» Exercise description: Copy each line of the listing below exactly and drop the images.

» Recorded information:
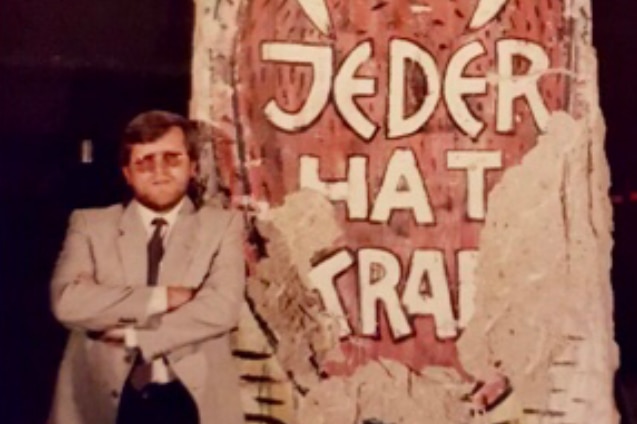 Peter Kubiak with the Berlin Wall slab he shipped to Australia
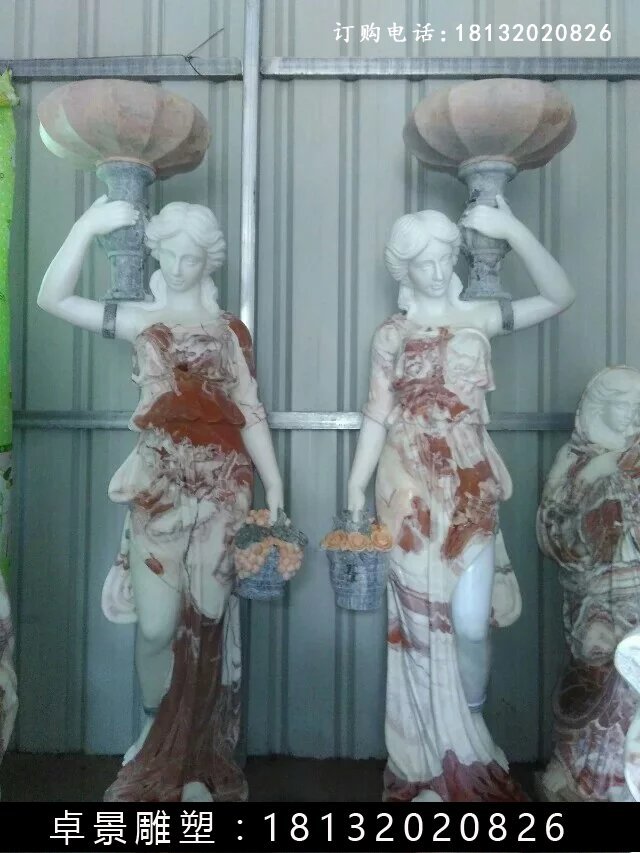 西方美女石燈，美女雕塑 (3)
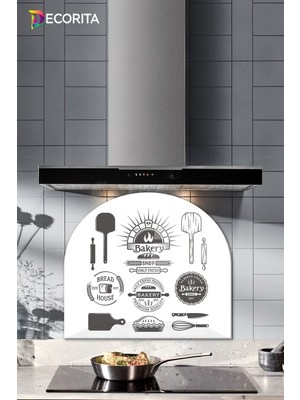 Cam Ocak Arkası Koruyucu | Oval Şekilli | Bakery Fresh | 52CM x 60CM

» Your response:
 Peter Kubiak with the Berlin Wall slab he shipped to Australia
 西方美女石燈，美女雕塑 (3)
 Cam Ocak Arkası Koruyucu | Oval Şekilli | Bakery Fresh | 52CM x 60CM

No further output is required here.